ALLAH’A ŞÜKÜR DNA’M GÜZEL
◊ Cilt bakım rutinleriniz var mı?
– Benim çocukluğumdan beri alışkanlığımdır; yüzümü meşhur kükürtlü sabunumla, bol köpükle yıkarım. Kremimi sürerim, çıkarım. Rutinim bu. Onun dışında pek fazla bakmıyorum kendime. Allah’a şükürler olsun DNA’m hoş.
◊ Yolda sizi görenler şaşırıyormuş. Aldığınız en farklı yorum ne oldu?
– Bir mağazaya gittim. Bir bayan, eşine “Aa Muazzez Ersoy, bakar mısın” dedi. Eşi döndü baktı bana. “Bu çocuk mu Muazzez Ersoy?” dedi. Ben şoke oldum. Beni çocuk üzere gördü. Makyajım yoktu, üzerimde de eşofman vardı. Bu reaksiyon bayağı bana enteresan gelmişti. Bir taraftan da hoşuma gitti.
ŞÖHRET HASTASI DEĞİLİM
◊ Sizinle alakalı “Şöhretten vazgeçmiş” diye bir yorum okudum. Siz şöhreti seven sanatkarlardan mı oldunuz, yoksa mesleğinizin bir getirisi olarak görenlerden mi?

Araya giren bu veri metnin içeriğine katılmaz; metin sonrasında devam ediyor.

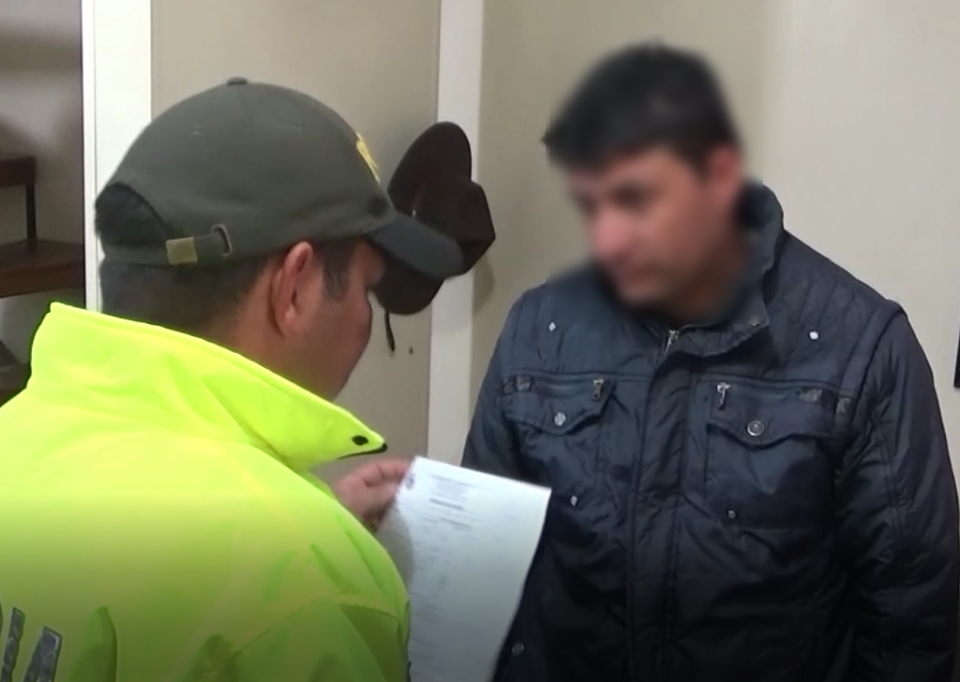 Inteligencia e investigación policial permite resultados operativos contra el hurto en Tunja  -desarticulacion-dedicada-al-hurto-tunja policia-desarticula-banda-delincuencial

– Ben şöhreti çok seven biri hiçbir vakit olmadım. Şöhretten vazgeçmiş olabilirim ya da olmayabilirim ancak şöhret hastası değilim. Ünlü olma hastası değilim.

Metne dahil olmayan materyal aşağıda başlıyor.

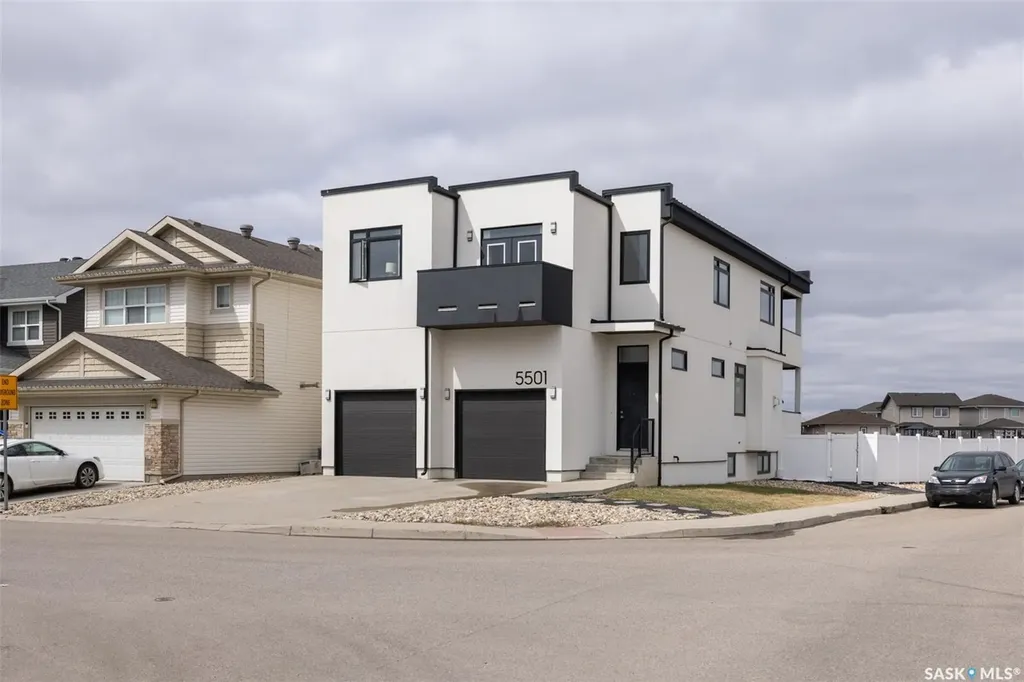 5501 Norseman Crescent Regina SK S4W 0J8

TORUNUM BENİM GENÇ SEVGİLİM
◊ Oğlunuzu bu topluluktan uzak yetiştirdiniz. Bu sizin şuurlu tercihiniz mi oldu?
– Natürel ki benim istediğim bir şeydi lakin bunu çocuğum da istedi. “Bir sanatkarın oğlu olarak göz önünde olmayı hiçbir vakit istemiyorum. Zira sanatçı olan sensin, ben değilim” diyordu. Motamot de ona nazaran yaşadı. Şu anda yurtdışında, Almanya’da yaşıyor.
◊ Ne iş yapıyor?
– Bilgisayar üzerine. Birebir vakitte NFT stantları var. Müzik kesimiyle alakası yok onun.
◊ Torununuzla aranız nasıl?
– Uygun. O da yurtdışında. Orada okuyor.
◊ Nasıl bir anne, nasıl bir babaannesiniz?

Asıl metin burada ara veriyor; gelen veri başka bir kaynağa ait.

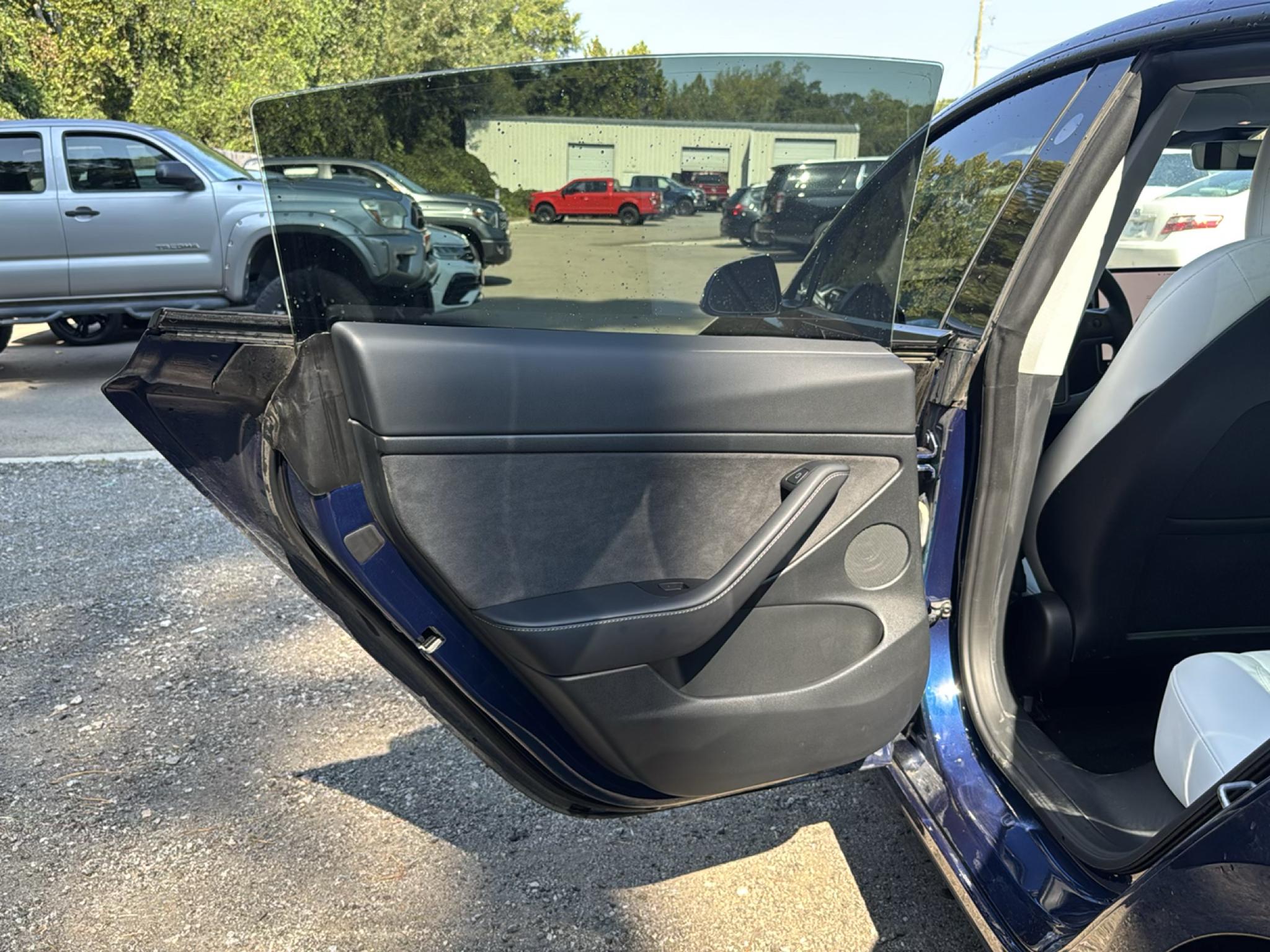 Tesla Model 3 RWD 2023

– Vallahi herhalde yeterli bir anneyimdir. Doğal bunu oğlumun cevaplaması daha hakikat olur. Çocuklarımın geleceği için çok çırpındım. Elimden ne geliyorsa aklımın, gücümün yettiği kadar yapmaya çalıştım. Babaanne olarak da herhalde evladımdan daha fazlasını torunuma yapmışımdır diye düşünüyorum.
Torun öbür bir şey. Bana mesela babaanne demez, “Muzo’m” der. Yazın Bodrum’a yanıma gelirdi, biz onunla gezerdik. Gece kulübüne giderdik, dans ederdik. 19 yaşına geldi. “Genç sevgilim” diyorum ona. Evlat çok hoş, evladın meyvesi daha çok hoş.
ALTIN İMZAM NOSTALJİLERİM
◊ Sanat hayatınıza dönüp baktığınızda, “Altın çağım” dediğiniz periyot hangisi?
– Anne kelamı dinleyerek nostaljileri yaptığım periyot. Benim altın imzam nostaljilerimdir. Bunu da bana merhum annem söylemişti. Onun aklına bile gelmezdi o müziklerin bana bu türlü bir tepe yaşatacağı, bu türlü bir ışık tutacağı.
AŞK İSTEMİYORUM BEN BU TÜRLÜ MUTLUYUM
◊ Bir röportajınızda “Artık âşık olacağımı zannetmiyorum” demişsiniz. Hâlâ bu türlü mi düşünüyorsunuz?
– Aşk eski bir palavra, Adem’le Havva’dan kalan.
◊ Aşk insanın hayatına bir anda gelir ya, ona da mı inanmıyorsunuz?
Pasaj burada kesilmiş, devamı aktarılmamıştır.